Can You Freeze Nacho Cheese Sauce?

Nacho cheese sauce is perhaps the most supreme food that exists. The perfect pairing with chips, and a pretty great topping for loaded fries.

Excellent for dipping, or smothering pretty much any food with. An all-around 10/10 whether you make it yourself or buy it at your local store.

But what happens when you have too much? We’ve all been there, bellies full and half a pot of cheese sauce still sitting on the countertop.

This scrumptious sauce is too good to throw in the trash, but you physically cannot eat another bite. That’s where freezing comes in. 

As the main ingredient of nacho cheese sauce is dairy-based, freezing can be tricky.

Dairy products tend to also have high water content which can cause issues in the freezing process, but this doesn’t mean you can’t freeze it. It just means that freezing takes a little bit more effort, and if any product food deserves that extra effort it’s nacho cheese sauce.

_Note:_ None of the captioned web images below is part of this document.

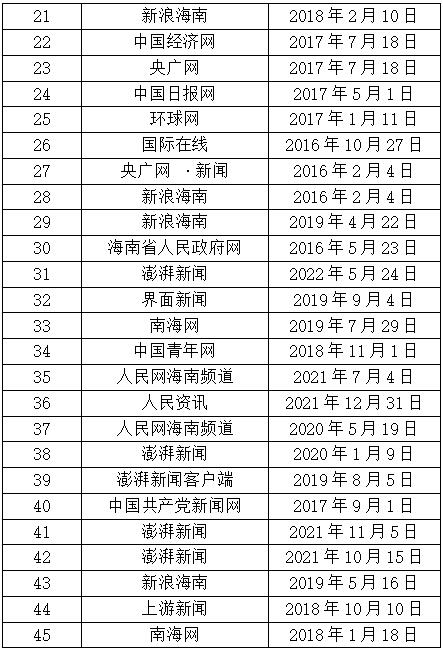 表1 中廖村主要媒体报道统计表2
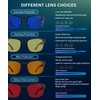 ANYLUV Mens Blue Light Glasses, Men Women Blue Light Blocking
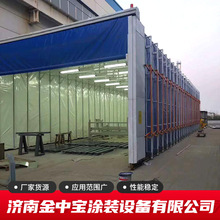 厂家定制移动伸缩房耐磨抗造环保防尘五金家具工业喷涂移动喷漆房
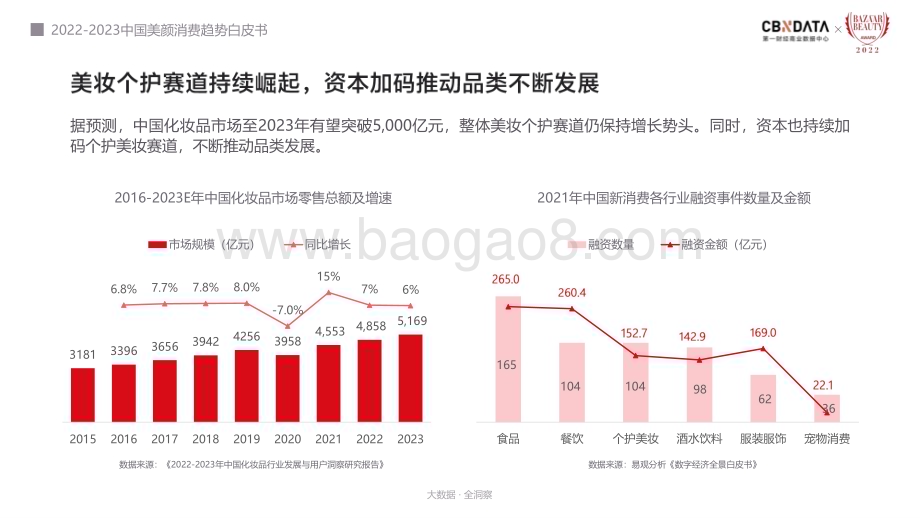 CBNData：2022-2023中国美颜消费趋势白皮书_26页_3mb.pdf_第4页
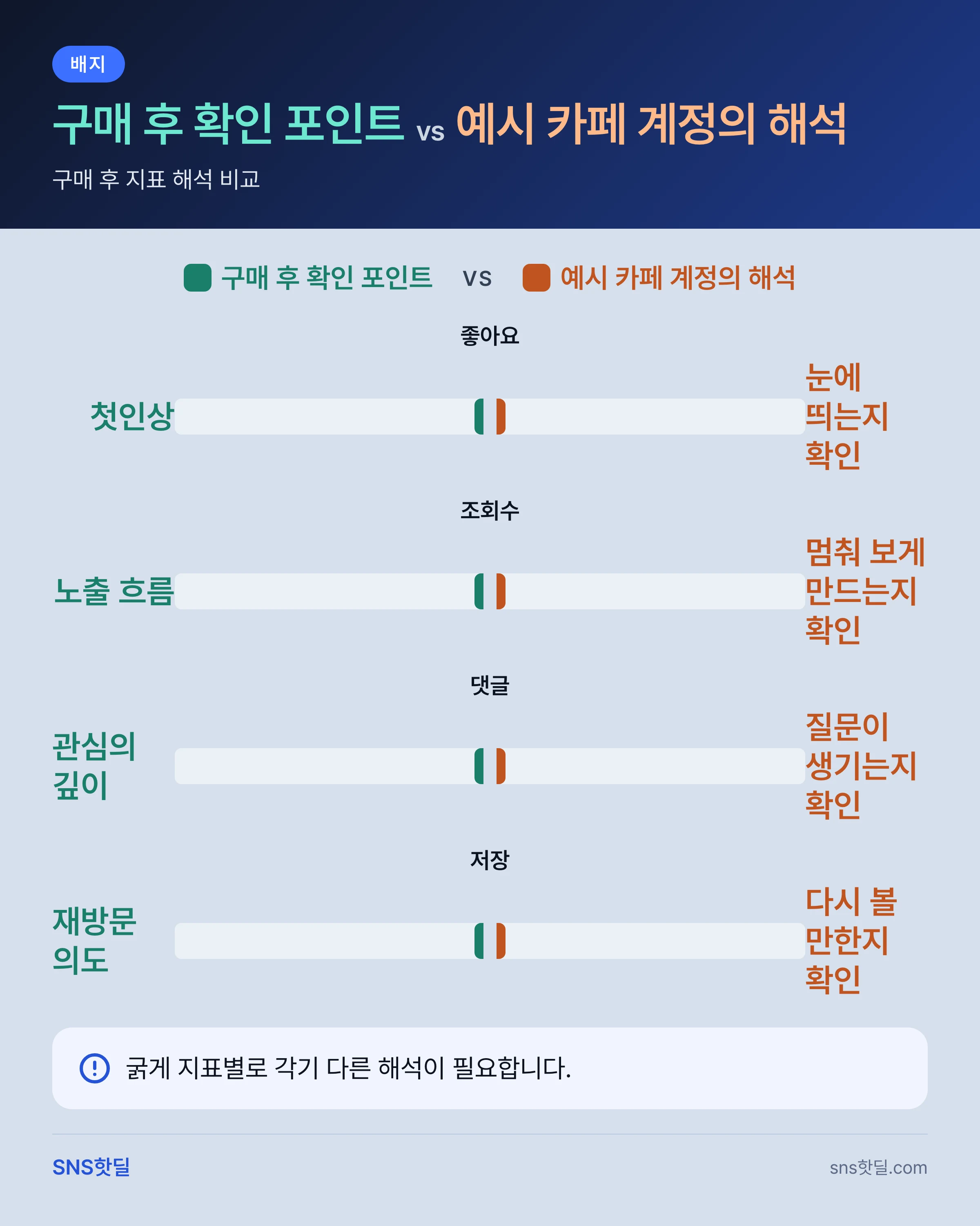 틱톡 좋아요 구매 후 주의할 점은 무엇일까? 핵심 답변 인포그래픽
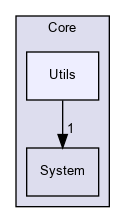 OpenMesh/Core/Utils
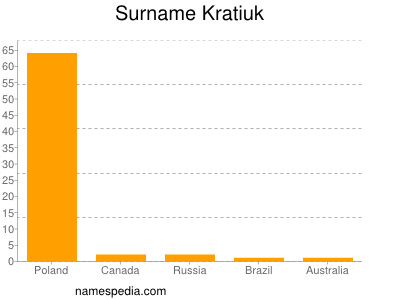 Familiennamen Kratiuk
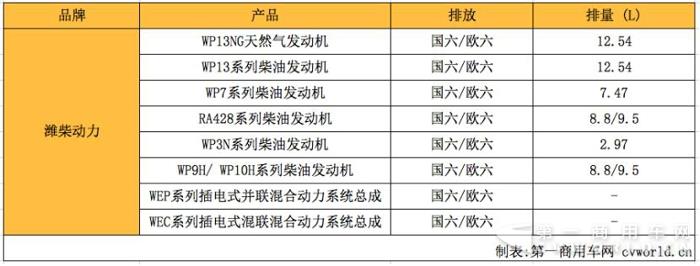 秀出国六机型  玉柴、潍柴、锡柴、云内在昆山比武 2.jpg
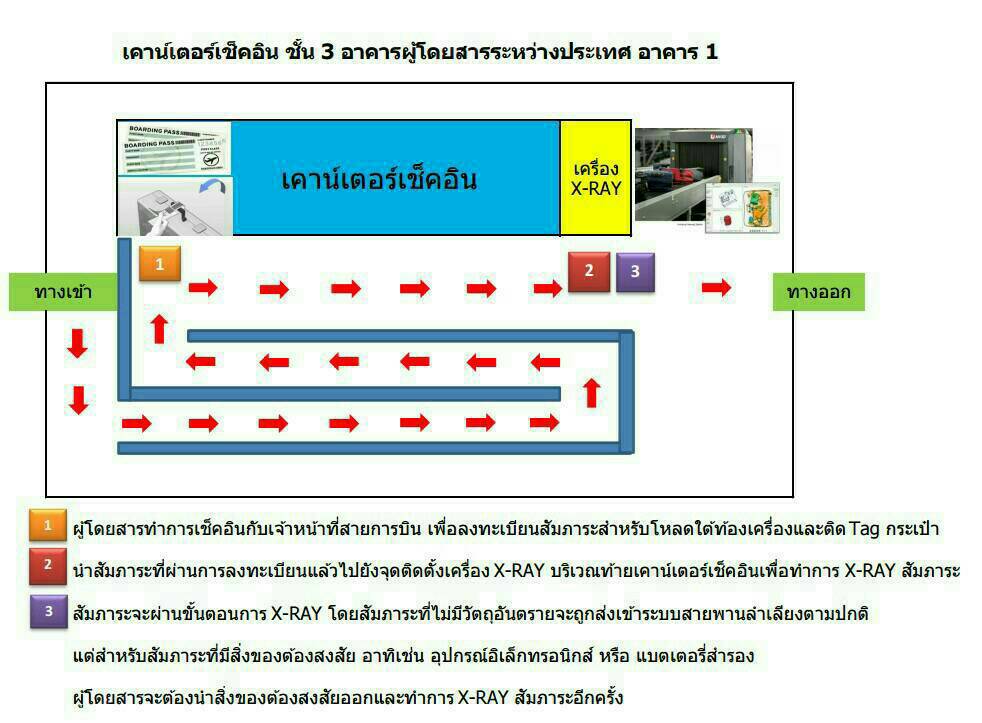 AOTthailand tweet picture
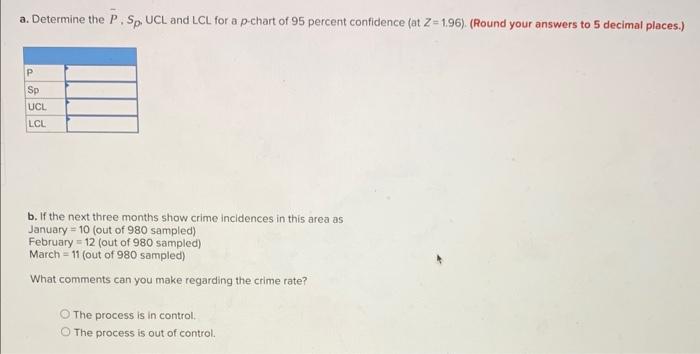 The state and local police departments are trying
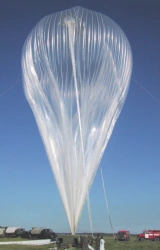 Unpowered Flying Devices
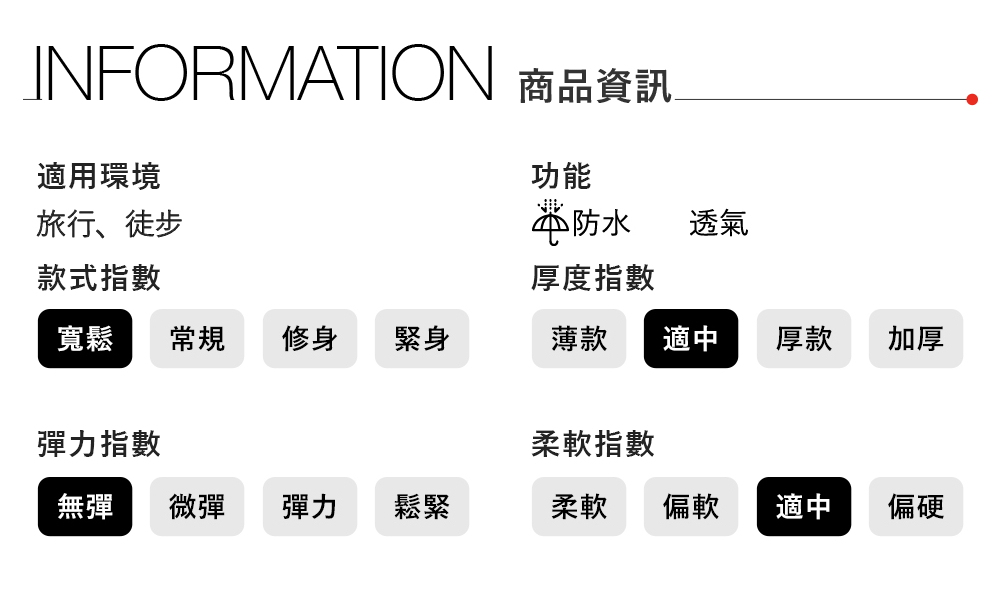 男款綠色DryVent防水透氣可調節收納連帽衝鋒衣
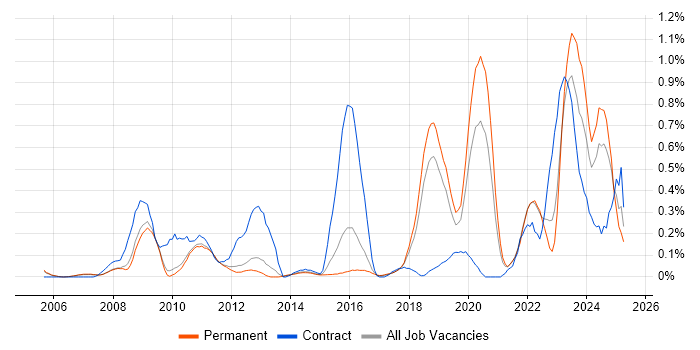 Job vacancy trend for Patch Management in Cambridgeshire Job vacancy trend for Patch Management in Cambridgeshire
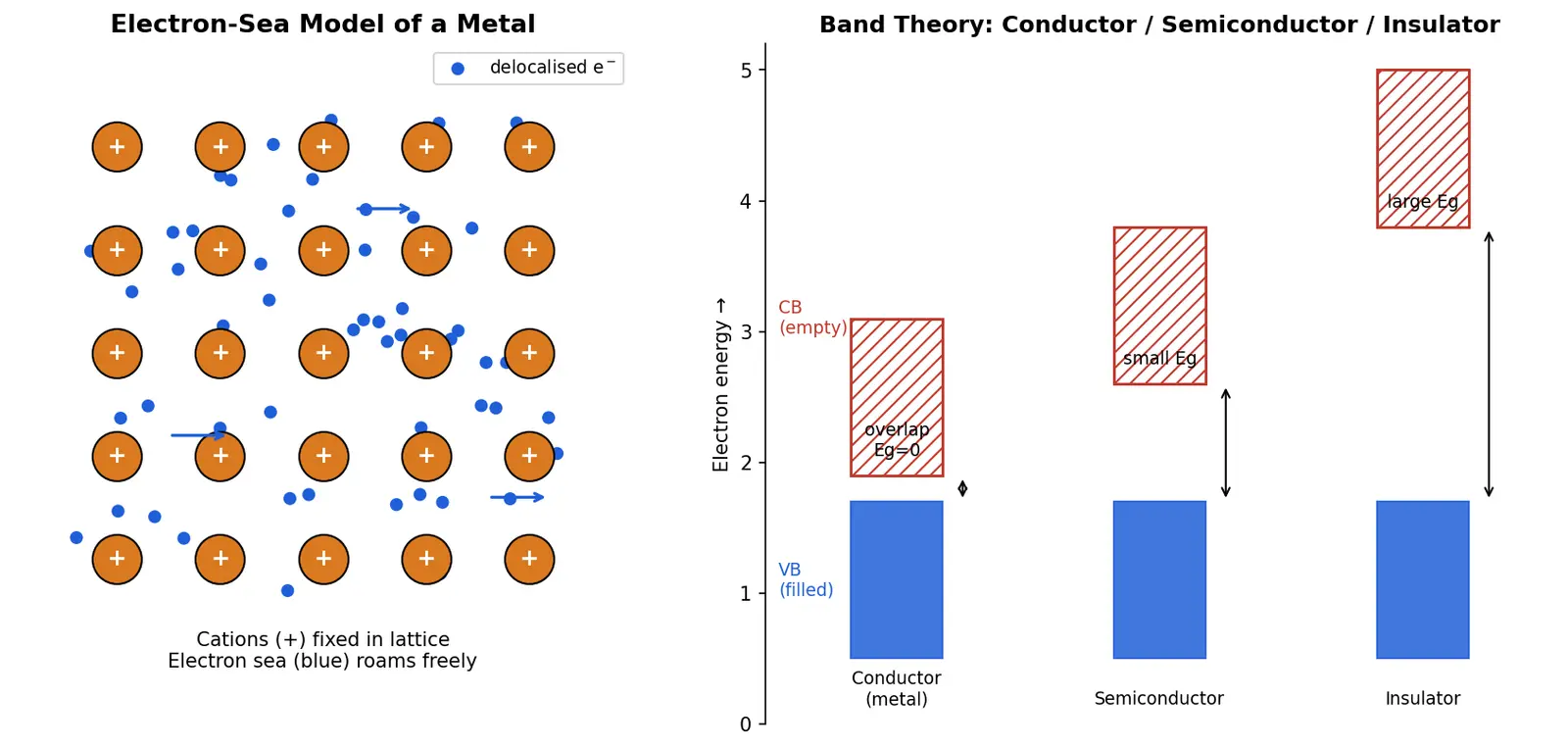 Figure — Metallic bonding — electron sea, band theory (intro)
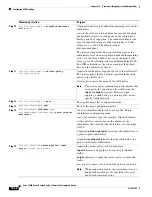 Preview for 496 page of Cisco 10000 Series Configuration Manual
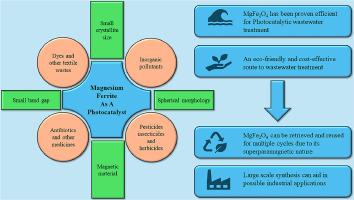 Magnesium ferrites and their composites based photocatalysts: Synthesis approaches, effect of doping, and operational parameters on photocatalytic performance for wastewater remediation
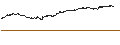 Intraday Chart für BEST UNLIMITED TURBO LONG CERTIFICATE - KONINKLIJKE BAM GROEP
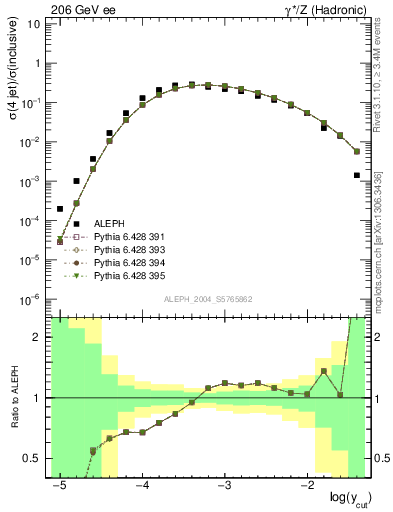 Plot of rate-4jet in 206 GeV ee collisions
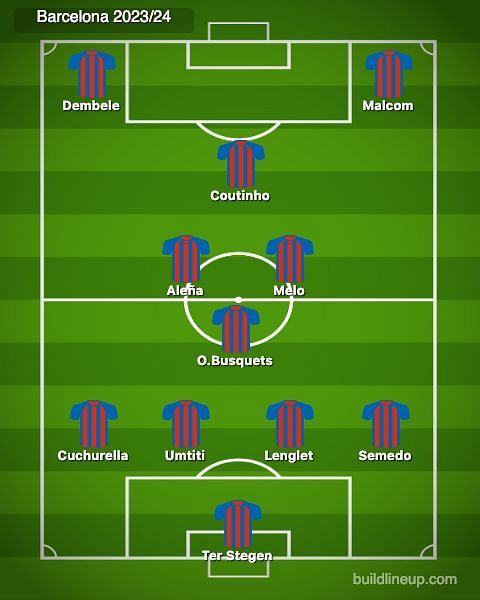 Barcelona 2023/24 starting 11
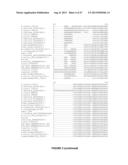 Plants Having Enhanced Yield-Related Traits and Method for Making the Same diagram and image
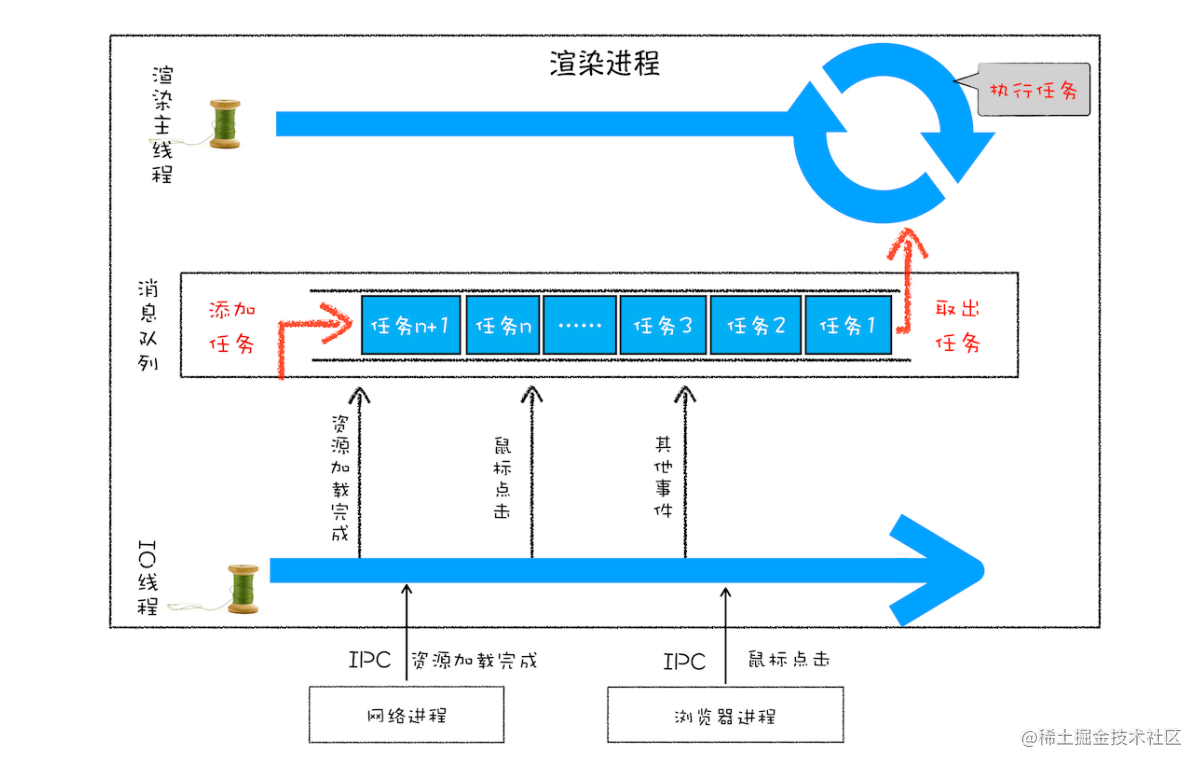 消息队列与事件循环 流程图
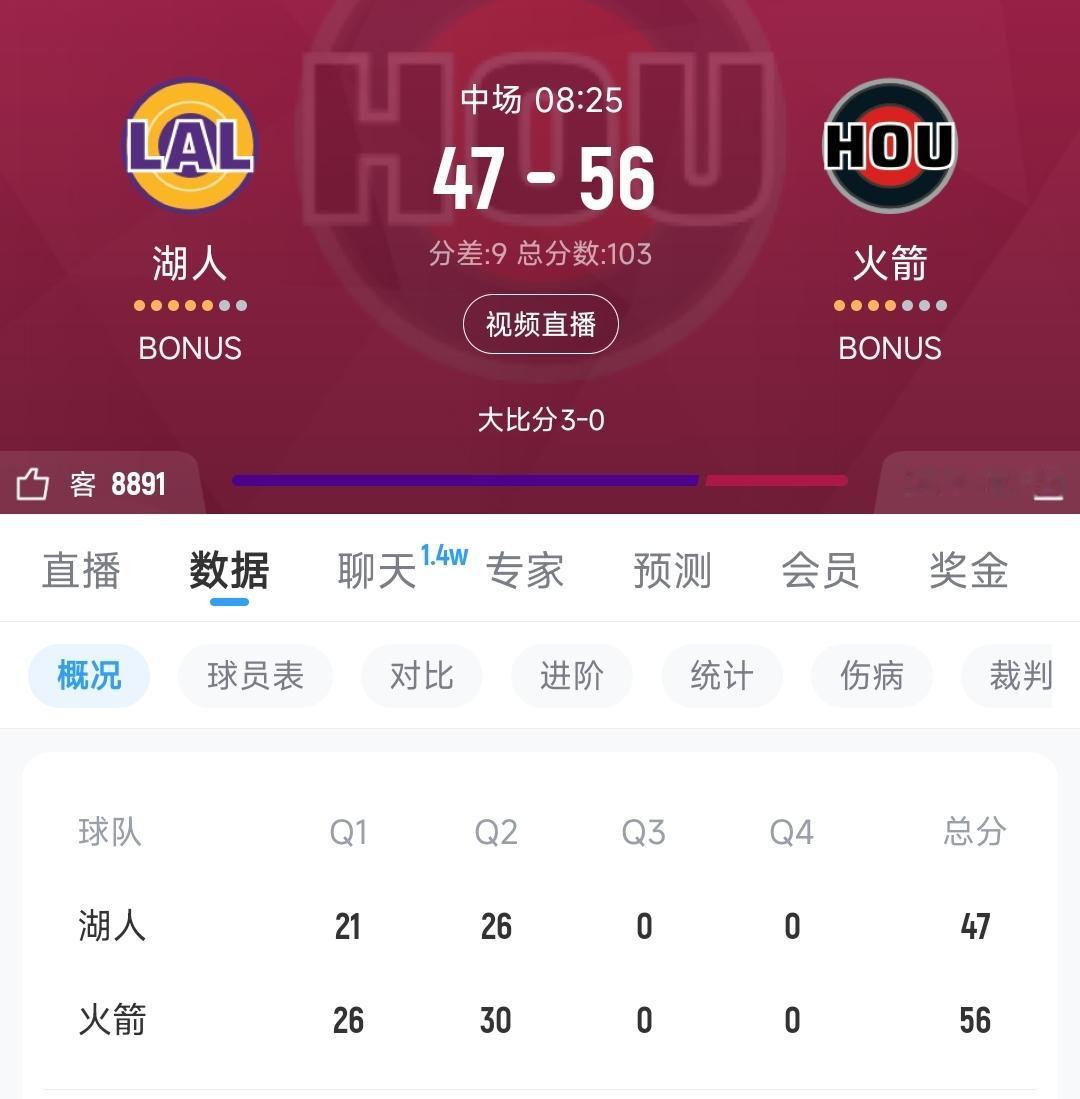 就这样打吧，别被剃光头，这轮季后赛也还没那么难堪！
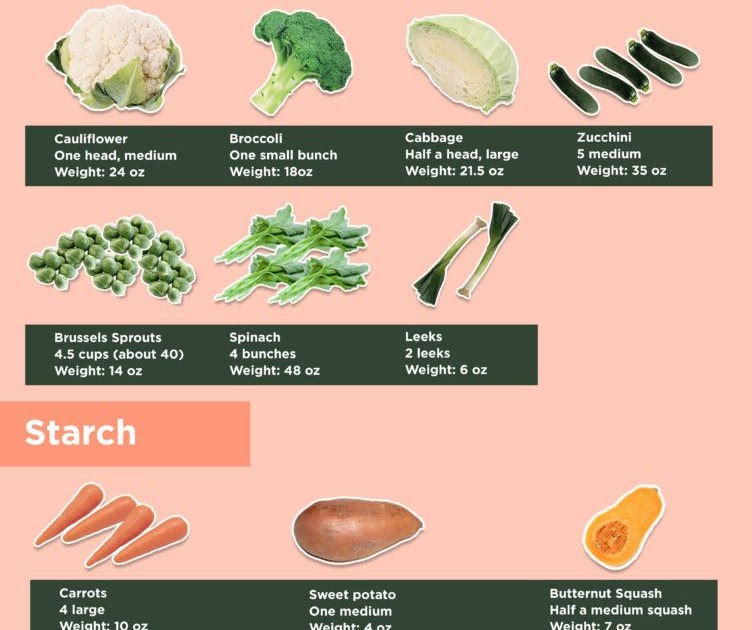 Keto Diet Net Carbs Or Total Carbs - DIETVEN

This guide will tell you everything you need to know about freezing and defrosting your nacho cheese sauce, as well as factors you should consider along the way. 

So with no further ado, here’s how you can freeze your cheese fondue.

How to freeze nacho cheese sauce

If you decide that you want to freeze your excess nacho cheese sauce, the first thing you should consider is whether the sauce you want to freeze was store-bought or if you made it yourself.

This will impact the freezing process so you should follow the corresponding instructions. 

Homemade

For homemade cheese sauce, the most important part of the process is ensuring that the sauce has cooled completely before you begin the freezing process.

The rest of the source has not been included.